Musik kann sehr falsch aufgefasst werden, was für die einen Musik ist, ist für andere Lärm und das gilt für die Musik auf der Erde, jetzt stell dir mal andere Planeten vor.



troppa schrieb:


> Aber ID4 habt ihr schon gesehen xD. Ich glaube nicht, dass eine soweit entwickelte Zivilisation sich auf einen solangen Weg machen würde, nur um unseren kränkelden Planeten (der dann bei ihrer Ankunft wahrscheinlich eh Matsch ist) zu besetzen, wo doch in ihrer "Nähe" größere und schönere "unbewohntere" Planeten gibt. Schon mal über die Möglichkeit ein schwarzes Loch zu erzeugen oder eine Materie-Antimaterie-Bombe nachgedacht?
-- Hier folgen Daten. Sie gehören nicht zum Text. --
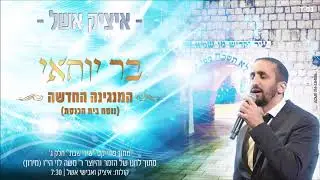 איציק אשל בר יוחאי - המנגינה החדשה | Itzik Eshel - Bar Yochai - New Melody
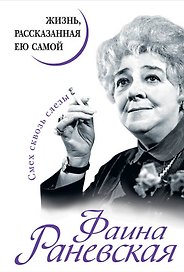 Фаина Раневская. Жизнь, рассказанная ею самой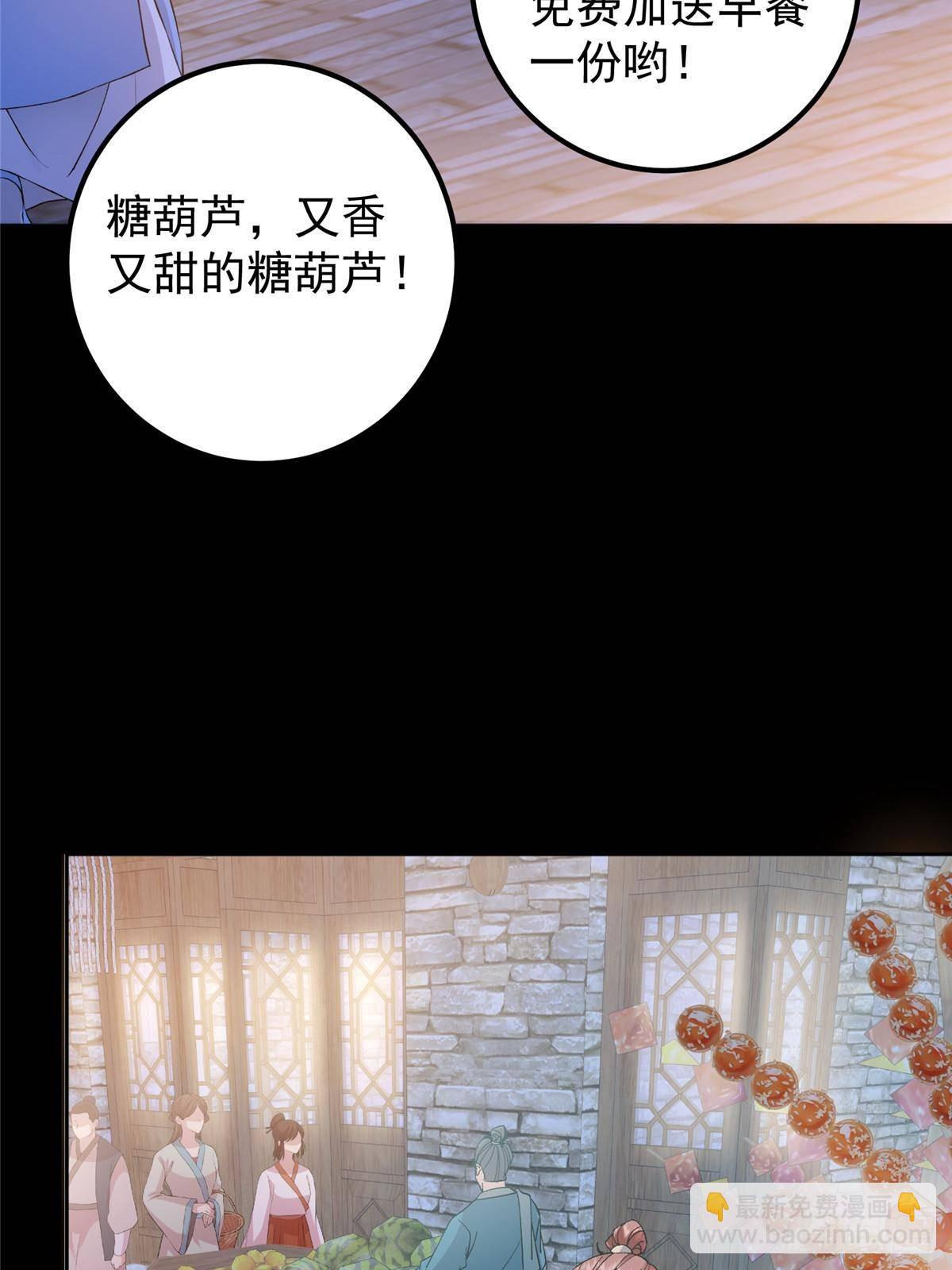 🍲掌门低调点 362 树师兄也想吃两根？ 第23页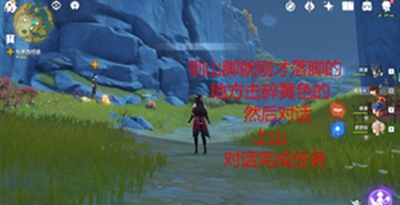 原神寻找理水叠山真君攻略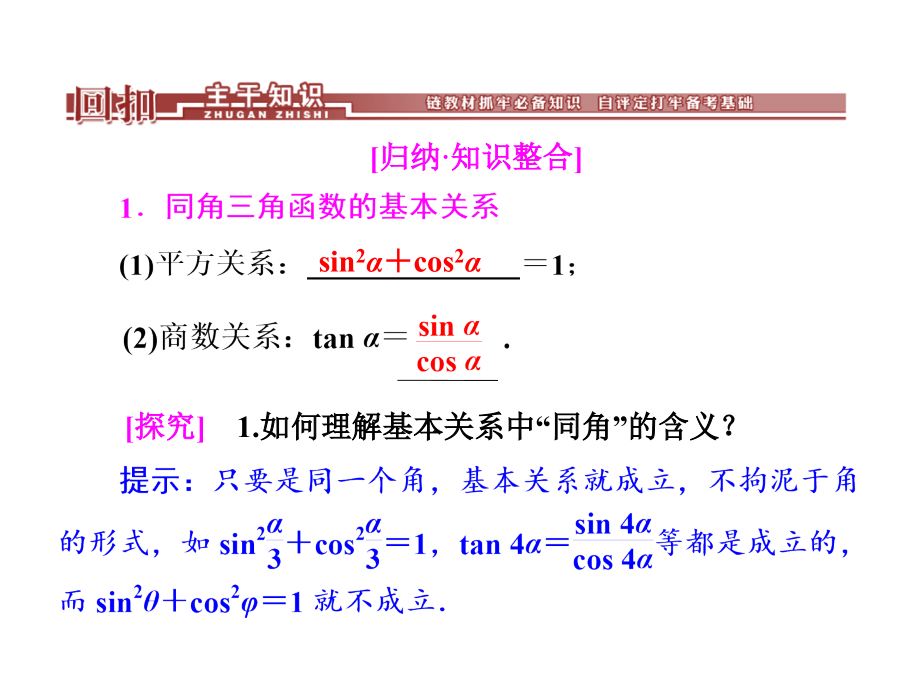 同角三角函数的基本关系式及诱导公式.ppt_第2页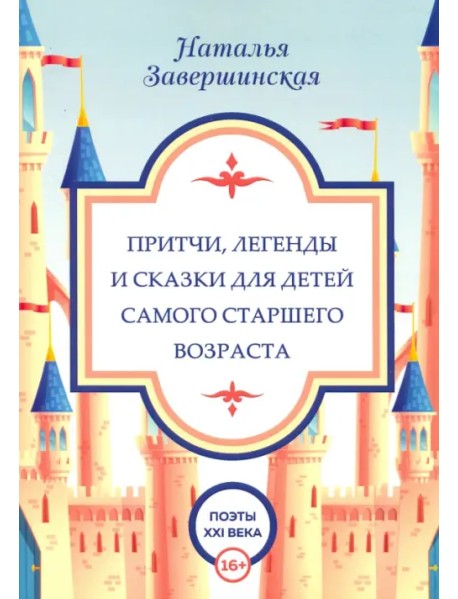 Притчи, легенды и сказки для детей самого старшего возраста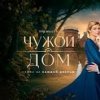 Иконка канала Чужой дом 1, 2, 3, 4, 5, 6, 7, 8 серия Все серии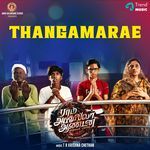 Thangamarae (From "Ram Abdhullah Antony")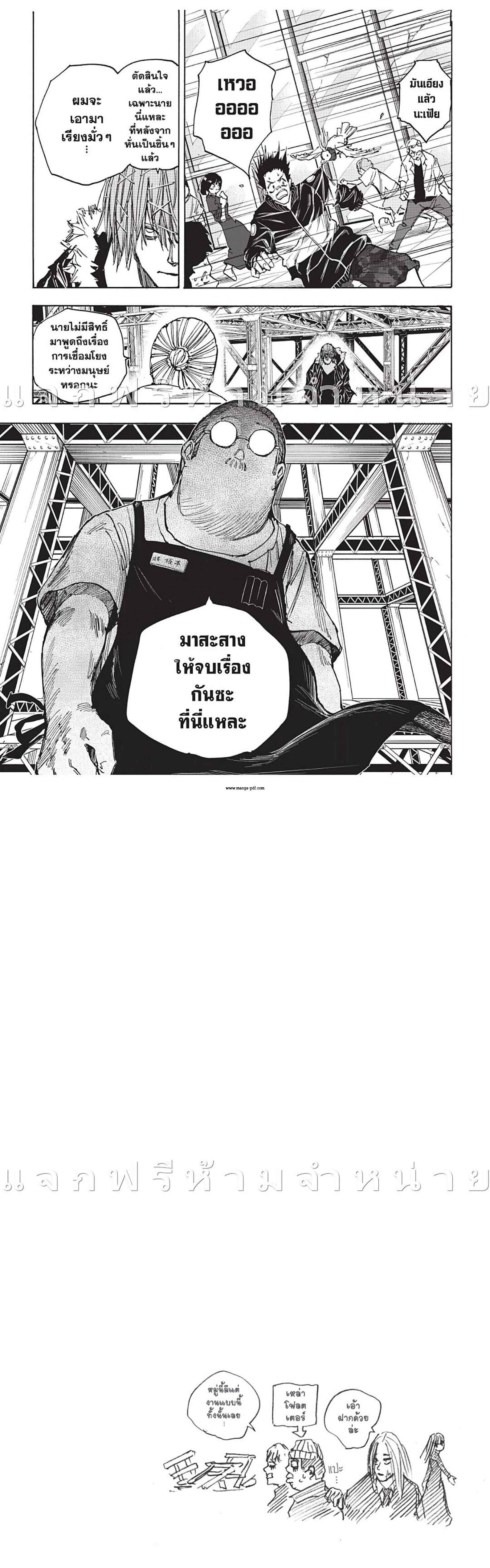 Sakamoto Days - วันๆ ของซาคาโมโตะ - หน้า 7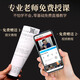 Shuhuai Musical Instrument (shuhua) Piccolo Membrane-free Pore Colored Bitter Bamboo Flute Mini Portable Beginner Flute Students Adult Playing Musical Instrument F-tune Membrane-free Pore Colored Bitter Bamboo Flute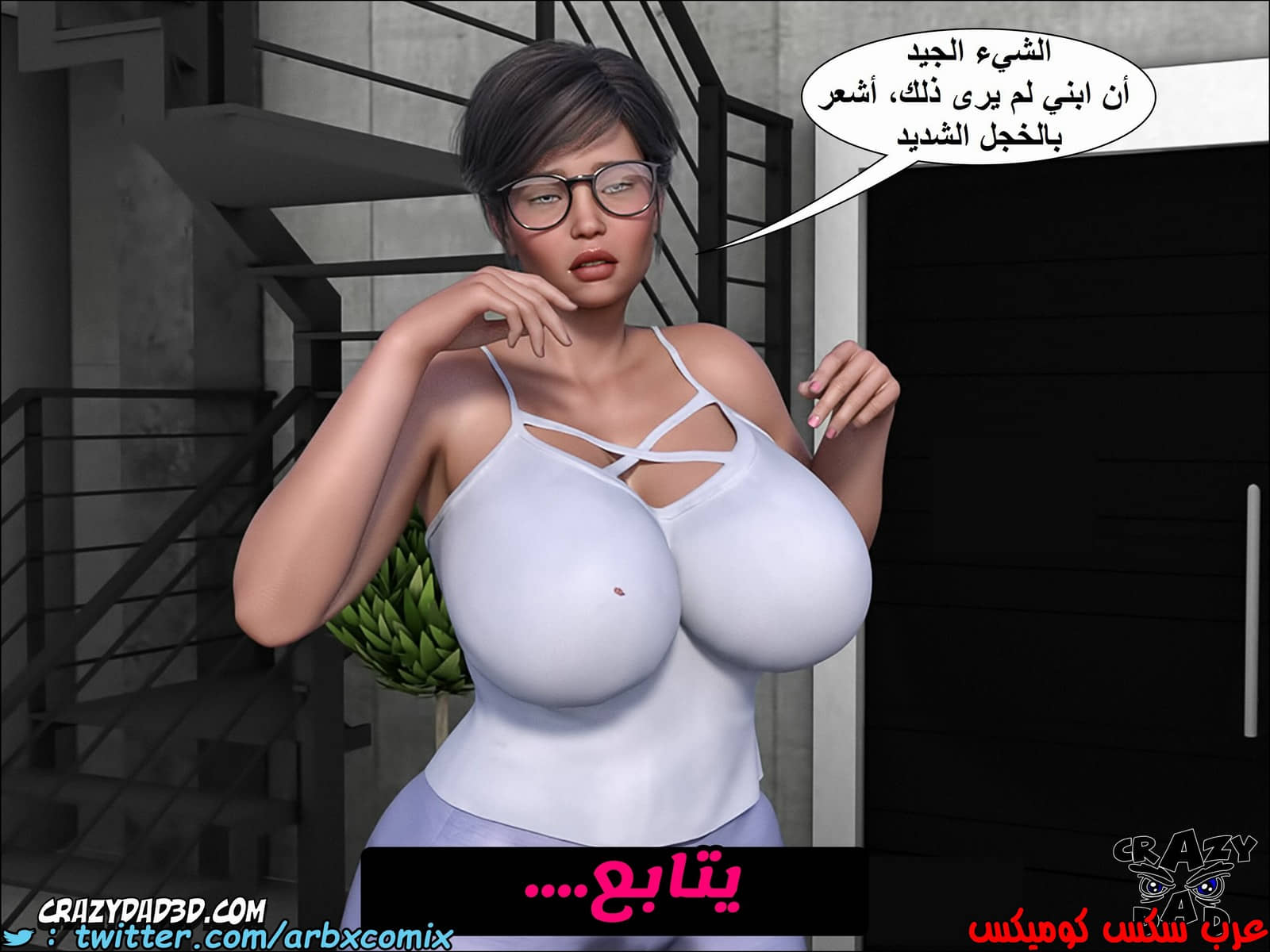 1384 الجدة الجزء 3 1384 الجدة الجزء 3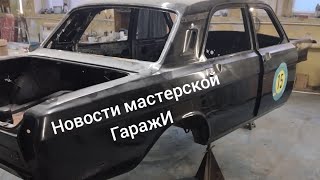 Новости мастерской ГаражИ от 4.03.24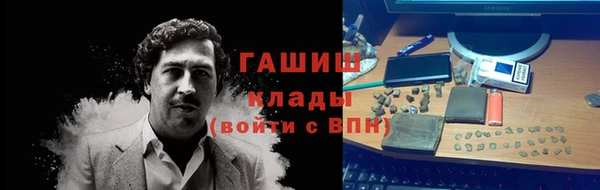 индика Абдулино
Keine Ahnung was die dann so können.


 
Nun ja, wenn ich die Wahl habe zwischen einen toten Planeten, der gerade von einem roten Riesen geschluckt wird und der Erde, brauche ich nicht lange zu überlegen, welchen ich nehmen würde, wenn ich ein Alien wäre. 
Und die Aliens sind auch faul, genauso wie die Menschen. Wieso einen Planeten erst terraformen (oder was auch immer), was 20 Generationen dauert oder so, wenn man einen blauen, wasserhaltigen praktisch nebenan hat?
OK, da leben schon welche drauf, aber für die Aliens sind wir Menschen vielleicht nichts anders als was für uns die Schaben sind.
Und sie könnten mit überlegenden Technologie die Menschen vom All aus angreifen, z.B. einen Asteroiden auf die Erde schleudern oder sowas. Aliens, die in Generationenschiffen reisen, haben schon ein paar Jahre Zeit.


----------



## ruyven_macaran (16. Dezember 2011)

*AW: Weltraumteleskop Kepler entdeckt erdähnlichen Klasse-M-Planeten*



axel25 schrieb:


> Auch da stellen sich ,denke ich, größere Probleme in den Weg:
> 
> Benutzt der andere ein uns bekanntes Zahlensystem?
> Wie weit ist er in seinen Forschungen? Jemand, der uns tausende  Jahre in der Forschung vorraus ist, wird mit Sicherheit mehr vom  Universum verstehen als wir. Gleichzeitig können wir jemandem, der auch  nur 100 Jahre hinter uns herhinkt, nicht mit unseren Ideen zum  FTL-Antrieb (*keine Diskussion, bitte)*, der Quantenphysik und Kernkraftwerken kommen.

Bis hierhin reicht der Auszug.